Two different runtimes

The example focuses on SQL queries being able to call the Haskell function dpellaSampleRandom (implemented in Noise.hs) which generates a random number within a given range, potentially as part of a Differential Privacy mechanism. This function requires managing state (the random number generator) across calls.

To call that function, queries use the SQL function dpella_sample_random. The challenges here are three-fold: (i) to make the DBRMS to connect the SQL function dpella_sample_random with the code in dpellaSampleRandom; (ii) passing all the SQL arguments as dpellaSampleRandom’s arguments; and (iii) passing the result of dpellaSampleRandom as the SQL result of dpella_sample_random.

Running example

Set up the environment (builds Docker image with dependencies and extensions) by running the following command in the root directory of the repository:

docker build -t sql-interoperability-example .

We consider a table of employees, where each row contains the name of the employee, their age, and a boolean flag to indicate if they are still employed (see code in Main.hs).

The example creates the table of employees, inserts some hard coded records, and executes the following query four times – so that randomness can be seen.

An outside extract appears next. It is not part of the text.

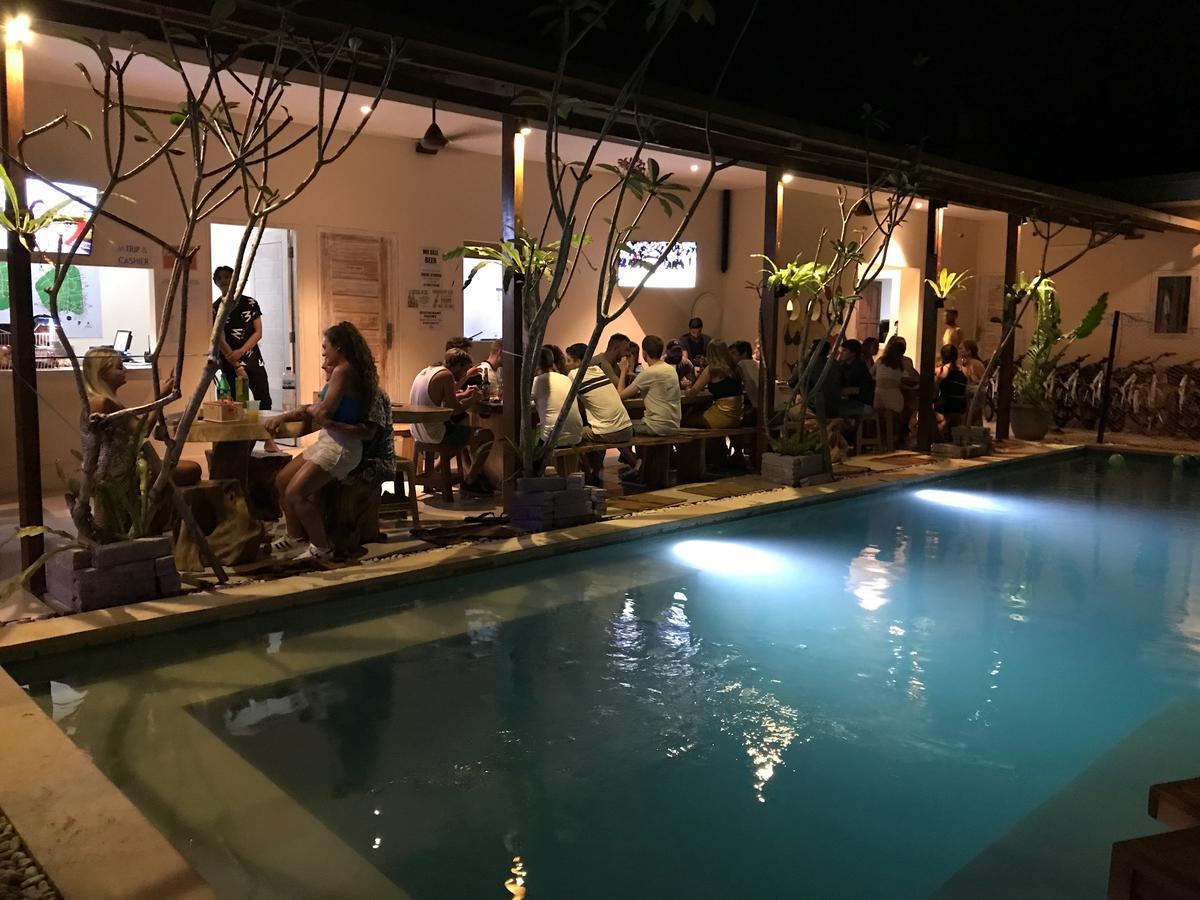 Atlas Gili Party Hostel Gili Trawangan Kültér fotó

SELECT SUM(CAST(age as FLOAT)) + dpella_sample_random(CAST(18 AS FLOAT),CAST(67 AS FLOAT))
FROM employees

This query obtains the sum of all the ages and then adds a random number between 18 and 67. The reason to include AS FLOAT in the constants above is connected to data marshalling across the DBRMS and Haskell (explained later).

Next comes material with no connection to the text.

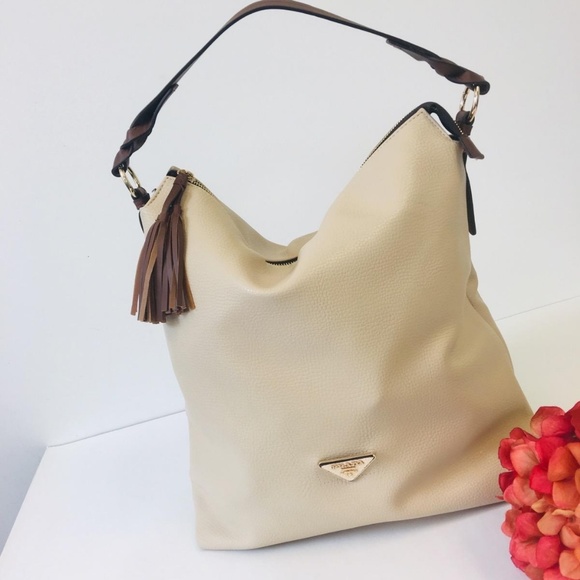 Handbags - Hobo Handbag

Run the example (executes Main.hs within the Docker container):

docker run sql-interoperability-example

The following output shows how we run such SQL operations in three different SQL engines, i.e., SQLite, Postgres, and MySQL.

--- Running SQLite Example ---
SQLite table 'employees' created.
Inserted 4 records into SQLite.
Sum of ages (with noise) (SQLite): 171.1366419561398
Sum of ages (with noise) (SQLite): 148.75287169458687
Sum of ages (with noise) (SQLite): 160.61467033334398
Sum of ages (with noise) (SQLite): 158.95724915195856

--- Running PostgreSQL Example ---
Connecting to: postgres://test:test@localhost:5432/test
PostgreSQL table 'employees' created.
Inserted 4 records into PostgreSQL.
Sum of ages (PostgreSQL): 166.50913874804027
Sum of ages (PostgreSQL): 190.64541265429347
Sum of ages (PostgreSQL): 190.05762465442217
Sum of ages (PostgreSQL): 183.1843888581907

--- Running MySQL Example ---
Connecting to: mysql://test:test@localhost:3306/test
MySQL table 'employees' created.
Inserted 4 records into MySQL.
Sum of ages (MySQL): 153.09850998336447
Sum of ages (MySQL): 150.8886262387034
Sum of ages (MySQL): 152.52728376912134
Sum of ages (MySQL): 176.15142166159143

In what follows the report outline the distinct integration architecture required for each engine, analyses common components across the Haskell modules for interoperability. Files SQLite.hs, Postgres.hs, and MySQL.hs provide the required infrastructure (e.g., types, monads) to run the SQL instructions described in Main.hs, and presents a comparative analysis of the approaches.

3. Overview

This repository demonstrates how to call to Haskell’s code when executing the SQL function dpella_sample_random across the DBRMS SQLite, PostgreSQL, and MySQL. At the top level, the approach consists on the following parts:

3.1 SQLite

Since it is an embedded DBRMS, it runs within the same process as the Haskell application defined in Main.hs. SQL custom functions, e.g., dpella_sample_random, are directly registered using the API from the Haskell package sqlite-simple (see function DPella.SQLite.withSQLFunctions). This allows seamless invocation of Haskell functions from SQL queries via query_, as seen in runSQLiteExample in Main.hs.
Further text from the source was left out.